Dataset records
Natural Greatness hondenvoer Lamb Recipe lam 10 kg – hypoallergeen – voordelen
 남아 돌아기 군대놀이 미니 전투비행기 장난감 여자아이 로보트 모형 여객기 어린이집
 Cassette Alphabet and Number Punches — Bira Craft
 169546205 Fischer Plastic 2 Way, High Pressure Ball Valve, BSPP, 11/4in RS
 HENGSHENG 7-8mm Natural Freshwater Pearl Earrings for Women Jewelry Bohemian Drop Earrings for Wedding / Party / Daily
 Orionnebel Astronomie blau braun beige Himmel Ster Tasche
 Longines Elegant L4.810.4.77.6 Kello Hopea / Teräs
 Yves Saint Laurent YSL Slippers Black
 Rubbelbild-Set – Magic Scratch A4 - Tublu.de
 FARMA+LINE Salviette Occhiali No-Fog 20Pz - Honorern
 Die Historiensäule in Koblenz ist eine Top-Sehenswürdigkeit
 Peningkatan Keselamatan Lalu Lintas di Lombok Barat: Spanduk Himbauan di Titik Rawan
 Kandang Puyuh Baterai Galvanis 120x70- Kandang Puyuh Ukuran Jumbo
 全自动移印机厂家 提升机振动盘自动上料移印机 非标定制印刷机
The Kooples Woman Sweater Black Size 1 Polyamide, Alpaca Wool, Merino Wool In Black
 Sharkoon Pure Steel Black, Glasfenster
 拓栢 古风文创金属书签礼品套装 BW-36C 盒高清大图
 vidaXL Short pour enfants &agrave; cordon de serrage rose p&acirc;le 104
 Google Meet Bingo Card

## ACTIVITY
Scan the entries above, and wherever a line holds the string "Natural", copy it.

## SOLUTION TO THE EXERCISE
Natural Greatness hondenvoer Lamb Recipe lam 10 kg – hypoallergeen – voordelen
 HENGSHENG 7-8mm Natural Freshwater Pearl Earrings for Women Jewelry Bohemian Drop Earrings for Wedding / Party / Daily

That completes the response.